I’m Audrey Clement, the Independent candidate for Arlington County Board on November 3. As a 22-year Westover resident, long time civic activist, and past member of the Transportation Commission, I’m running for County Board because it has pushed harmful policies resulting in:
- excessive taxation, and
- massive infill development with major impacts on traffic, schools, runoff and tree canopy.
The FY 2027 budget hearings are over, and the upshot is that you will likely be socked with declining services on top of a 2 cent real estate tax rate hike. Although the proposed FY 2027 budget has the same bottom line as the FY 2026 budget–$1.69 billon, it provides for 56 fewer employees, the elimination of one library and one athletic program, and a 4.8 percent real estate tax hike (Proposed Budget Overview, pp. 4-6). Even with a 1.5 cent rate hike, every household will pay on average an additional $422 for a lower level of service (Budget Overview, p. 29).
How can the County demand that you pay more for less? Because commercial real estate tax revenue has tanked due to a 23.5 percent office vacancy rate (Proposed Budget Overview, p. 2). Gone are the days when Arlington’s commercial sector picked up half the County’s real estate taxes. Now the residential/commercial tax revenue split is 57% and 43% respectively (Proposed Budget, p. 135).

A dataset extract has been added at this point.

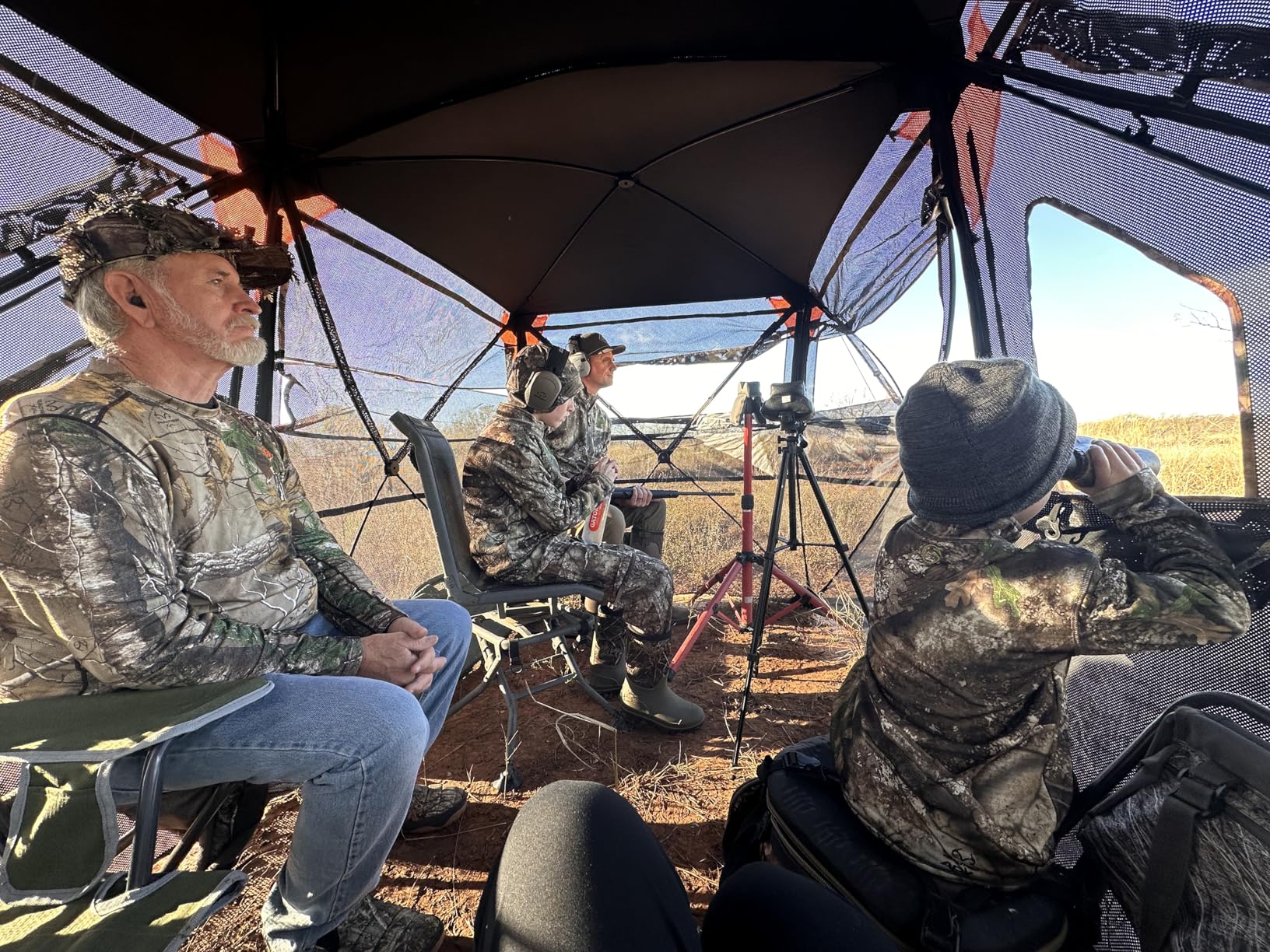 Hunting Blind, 360° See Through Ground Blind, 4-6 Person Pop Up for Deer Hunting, Portable with Carrying Bag customer photo 2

If County Board were able to think outside the box, it could increase the real estate tax base by recruiting tax burdened NYC entrepreneurs to relocate here. For example, the income tax rate for wealthy New Yorkers tops at 10.9 percent due to a wealth tax imposed by then Governor Cuomo in 2021 and recently extended by Governor Hochul for another 5 years. That compares with a maximum 5.75 percent income tax rate in Virginia.

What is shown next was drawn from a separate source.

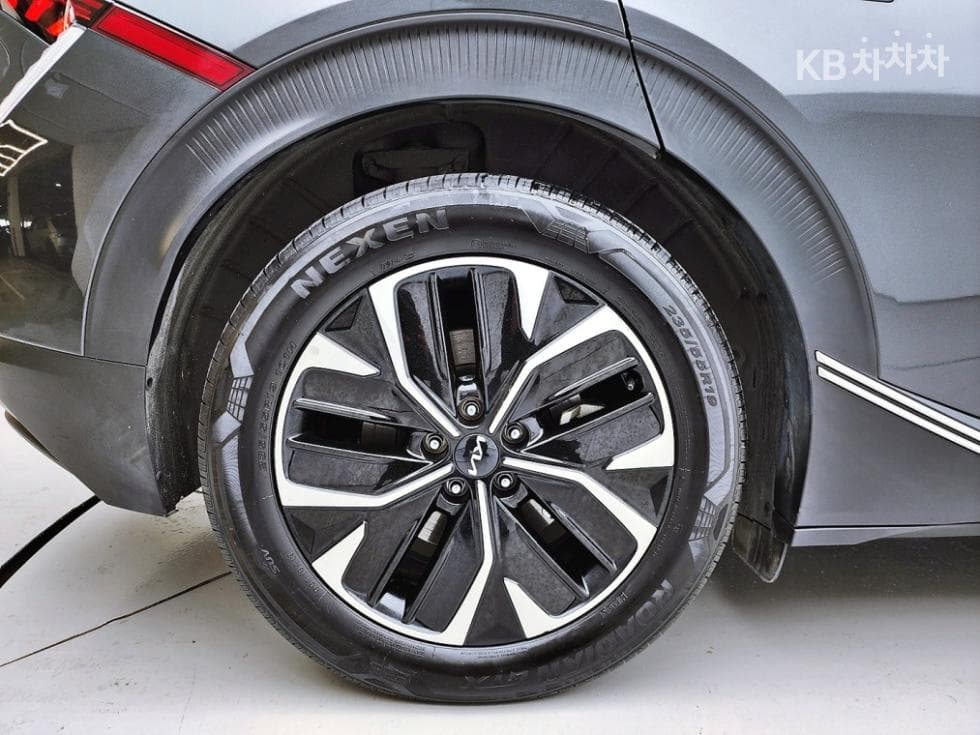 Киа EV6롱 레Местен지 2WD Air - 20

If Governor Hochul doesn’t cave to NYC Mayor Mamdani’s demand for an additional 2 percent wealth tax to cover the city’s deficit, he’s threatened to hike property taxes by 9.5 percent. Either way New York’s merchant class is tax burdened. In fact according to Politico “More than 40 percent of the [NY] state government’s revenue comes from a small number of very rich taxpayers. If they leave, New York’s finances would take a hit.”
If elected I pledge to:
- Seek immediate tax relief for residents and businesses.
- Lobby tax burdened New York City businesses to relocate to Arlington County.
- Stop Missing Middle up-zoning by lobbying to preserve single family neighborhoods.
- Lobby the federal government to restore the federal workforce.